1

We are experiencing some difficulty unpacking COMP-3 fields containing both numeric and date data from a file provided to us by one of our vendors.

The file specification provides the following information:

0066-0070 DATE-OPENED S9(9) COMP-3

The specification indicates that the date will expand to MMDDYYYY format.

When I retrieve this block of data from the file, I can load it into memory and see that I retrieve 5 bytes of data. (In the file, there is one byte per character.) The bytes retrieved are as follows:

0: 10
1:  0
2: 18
3:  0
4:  2

There's no sign overpuched into the least significant digit (where it always appears), so that's not an issue here. The bits expand into the following nibbles:

0 1 0 0 1 2 0 0 0 2

There's a couple of problems here:

  1. It's highly unlikely that 01001200 represents a valid date in MMDDYYYY format, and yet this seems to be how the data was packed into the field.

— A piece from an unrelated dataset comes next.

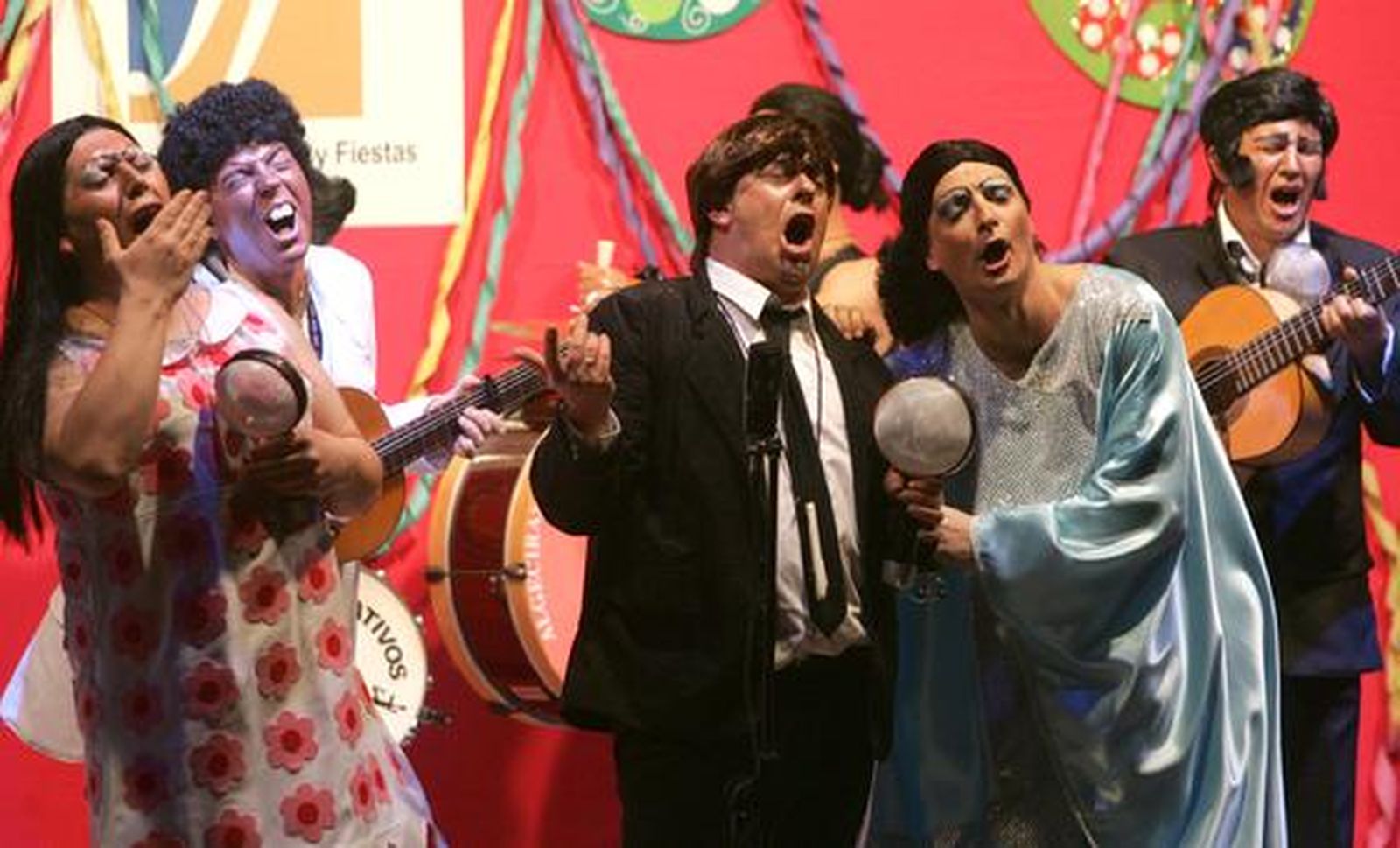 Comparsa tarifeña 'Todo a un euro'

Foto: José María Quiñones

  2. When a COMP-3 field is unpacked, the template specifies that it should expand to 9 characters, but if a COMP-3 is expanded, it's size will ALWAYS double (producing a string with an even number of characters). As a result, there is a mismatch between the expected size and the unpacked size.

  3. No algorithm that I can find on the web seems to work for unpacking this data. Nothing seems to be able to come up with a recognizable date for any of the (supposedly) BCD values in our source file.

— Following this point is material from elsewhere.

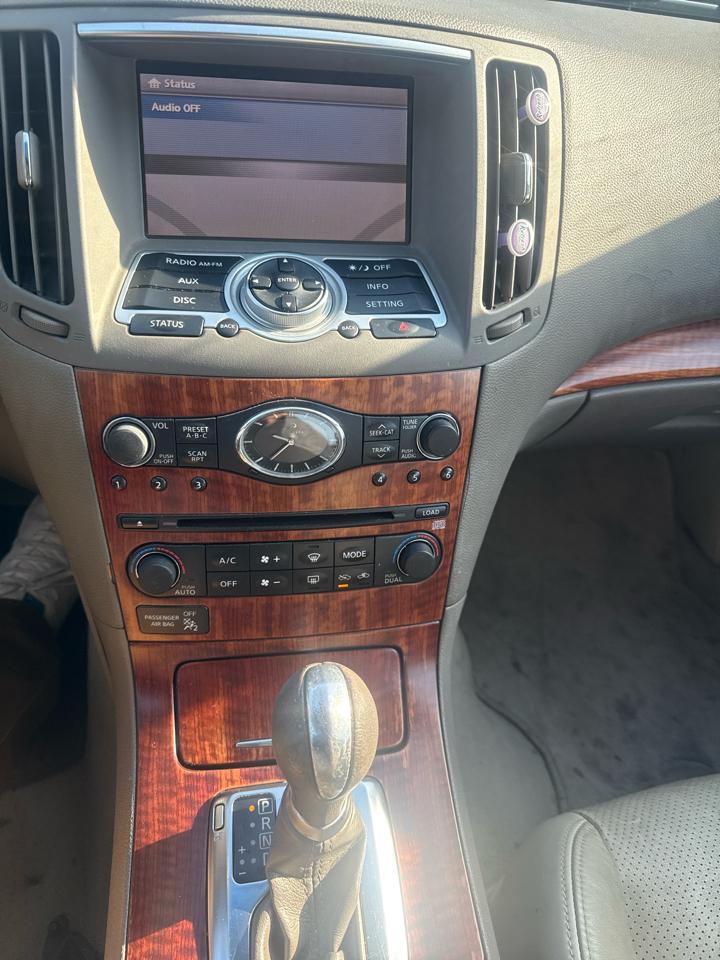 Infiniti G37 Sedan 4dr x AWD 2009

At this point I suspect that we may not be dealing with a true BCD format. However, keeping in mind that I should always doubt myself and not the tool, I am seeking suggestions for what I could be doing wrong in both my understanding of the COMP-3 format and the nature of the data I'm looking at.

My understanding of the format is taken from the following sources:

It's worth noting that I have attempted converting the data from EBCDIC to ASCII and vice versa before attempting to unpack it; neither produced any intelligible results. I've attempted every algorithm I could find on the Internet, and none of them seem to be producing any useful results.

I suppose, in the end, my question is: Am I actually dealing with BCD or COMP-3 data here?

Update

In answer to some questions:

  1. Once I've determined that the value contains a sign nibble, I clear that nibble.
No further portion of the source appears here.